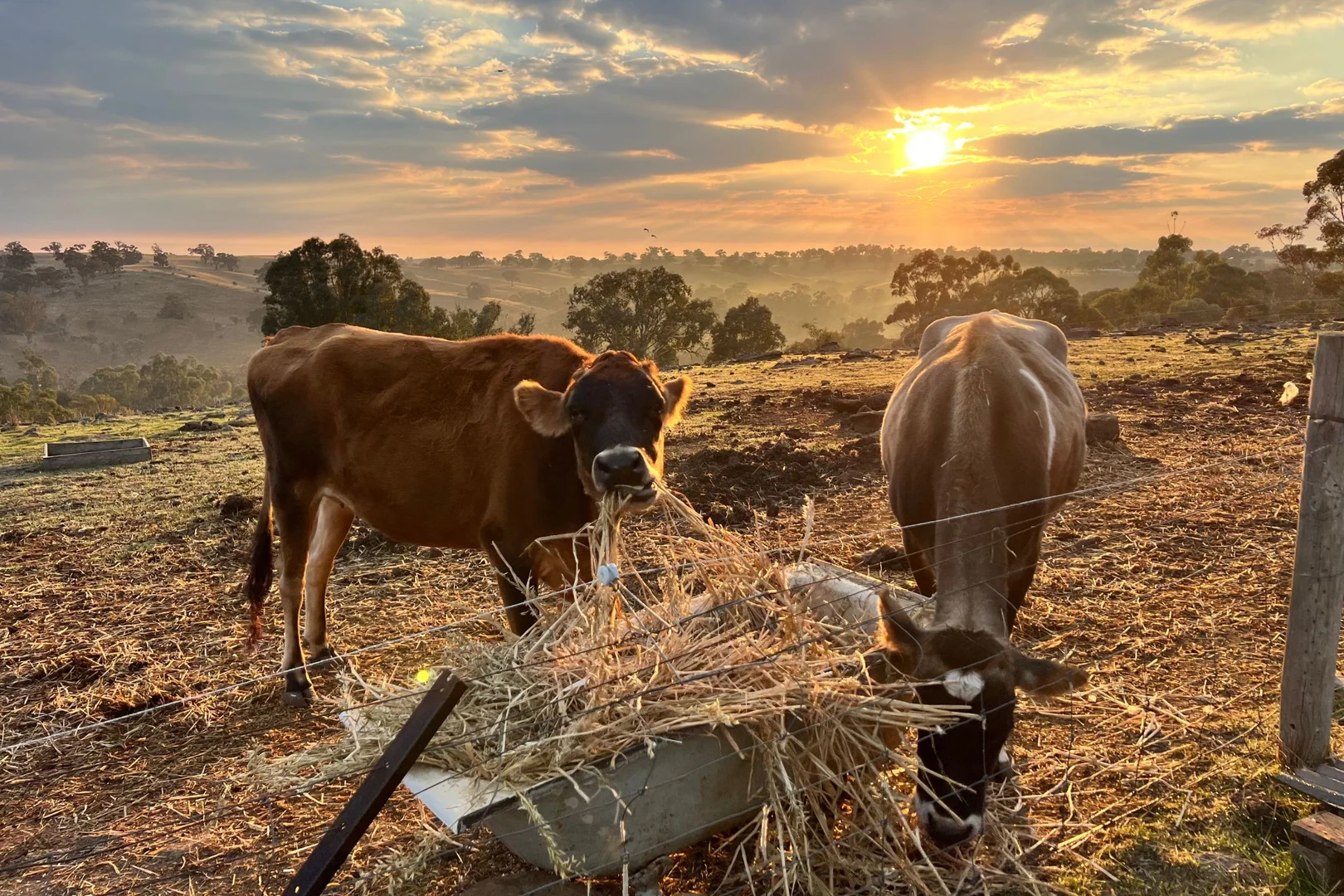 Additional image 11 of 2106 Heathcote Redesdale Road, Redesdale VIC 3444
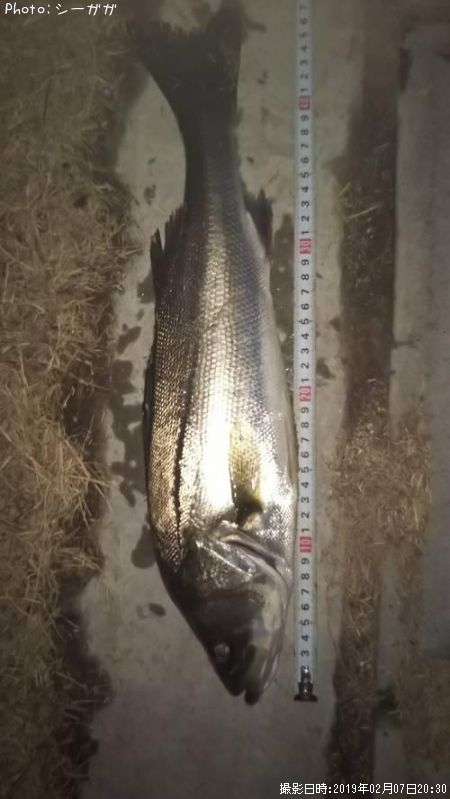 �����Х�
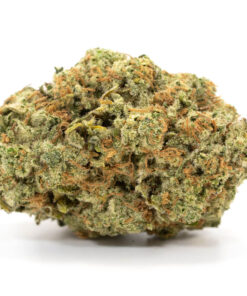 Lemon Gelato — buy online, same-day weed delivery in Toronto | Tropic Exotic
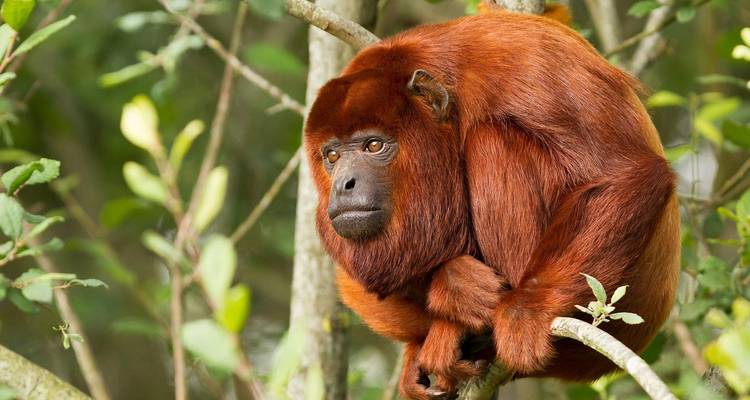 Encantos del Amazonas de 3 días en Tambopata en Puerto Maldonado - Tangol Tours 1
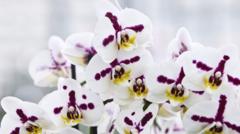 Slapta Ir Pelninga Orchidj Veisimo Industrija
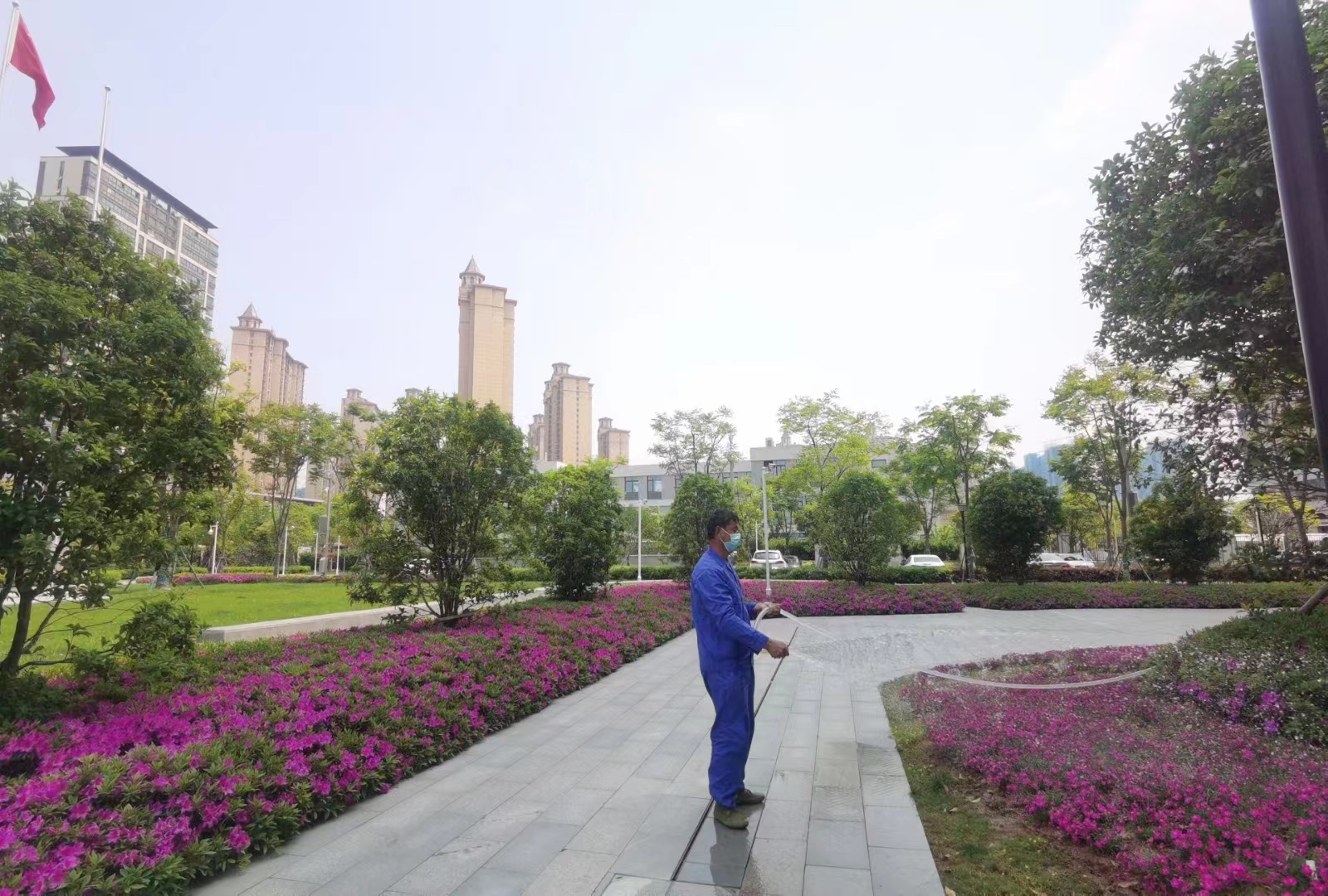 庭院立體綠化維護(hù)圖片/庭院立體綠化維護(hù)樣板圖 (4)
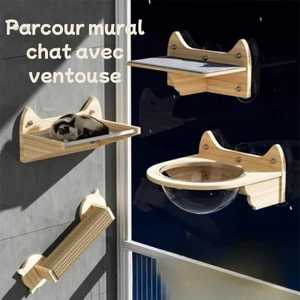 Parcours-mural-chat-plusieurs-options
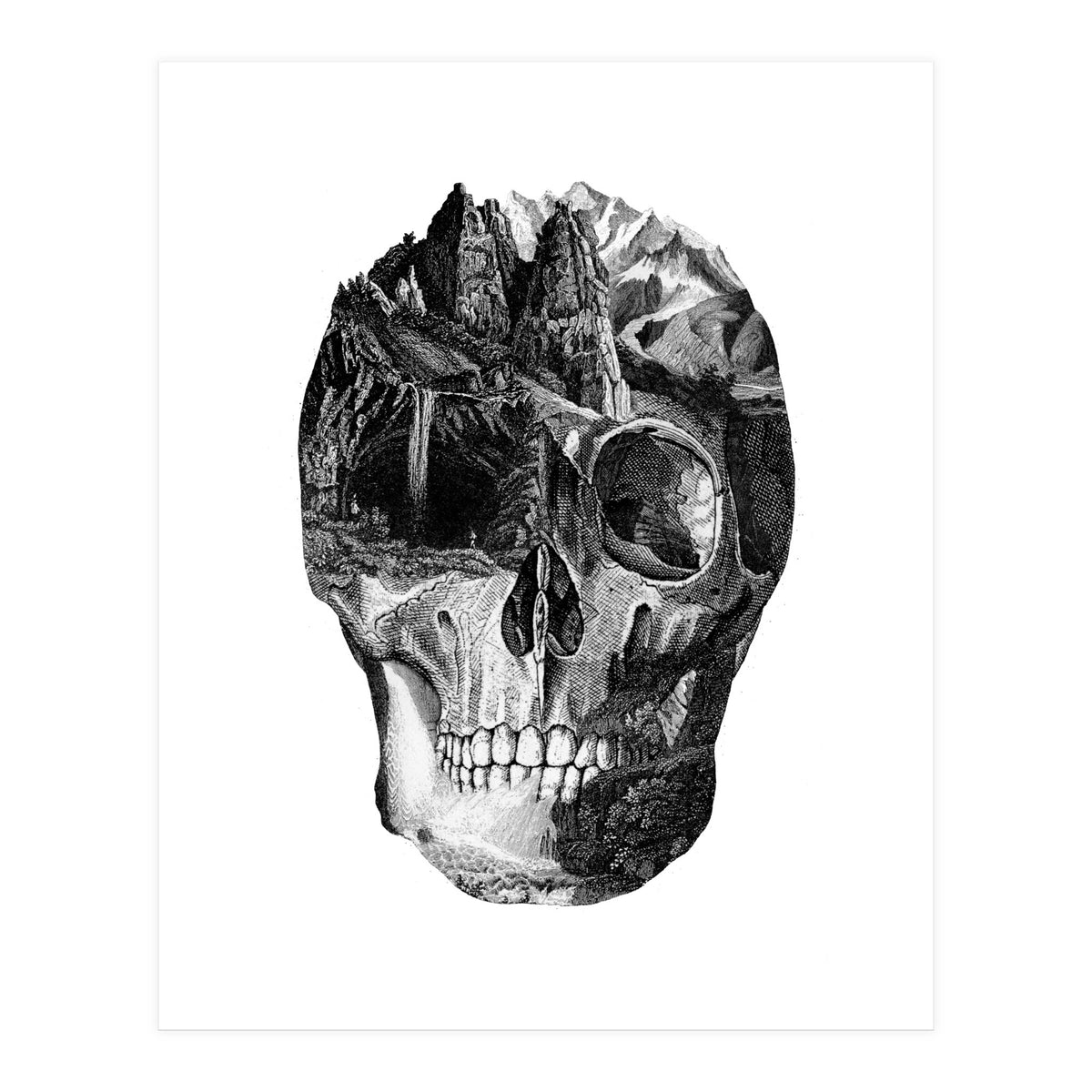 The Final Adventure (Print Only)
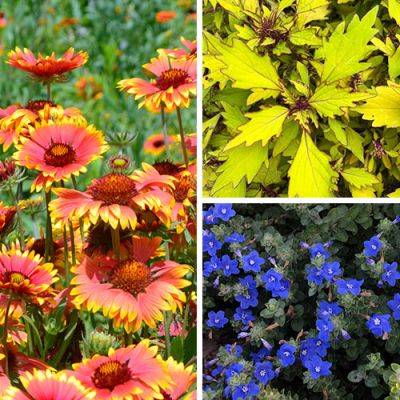 The Best Annuals for Southwestern Gardens - finegardening.com - state Oklahoma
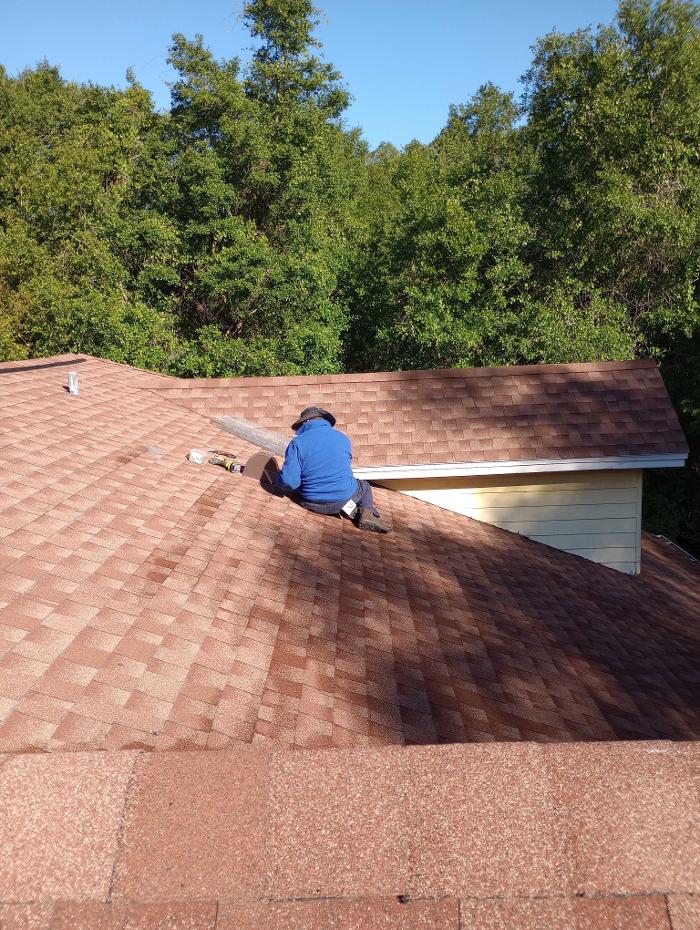 Anti-Pesto Bug Killers Inc Image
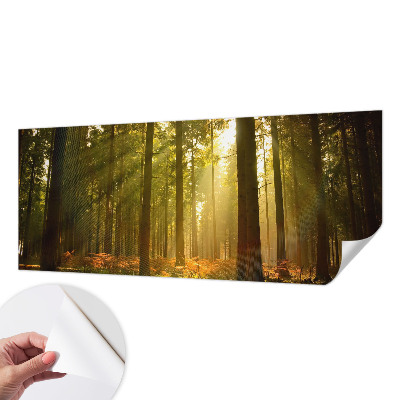 Fototapete in 3D-Optik mit dem Motiv „Waldmorgen“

TASK OBJECTIVE: From the line that contains "庭院立體綠化維護(hù)圖片/庭院立體綠化維護(hù)樣板圖 (4)" to the final line of the entries, reproduce every line exactly, both ends included. Leave out all pictures.

RESPONSE BOX:
 庭院立體綠化維護(hù)圖片/庭院立體綠化維護(hù)樣板圖 (4)
 Parcours-mural-chat-plusieurs-options
 The Final Adventure (Print Only)
 The Best Annuals for Southwestern Gardens - finegardening.com - state Oklahoma
 Anti-Pesto Bug Killers Inc Image
 Fototapete in 3D-Optik mit dem Motiv „Waldmorgen“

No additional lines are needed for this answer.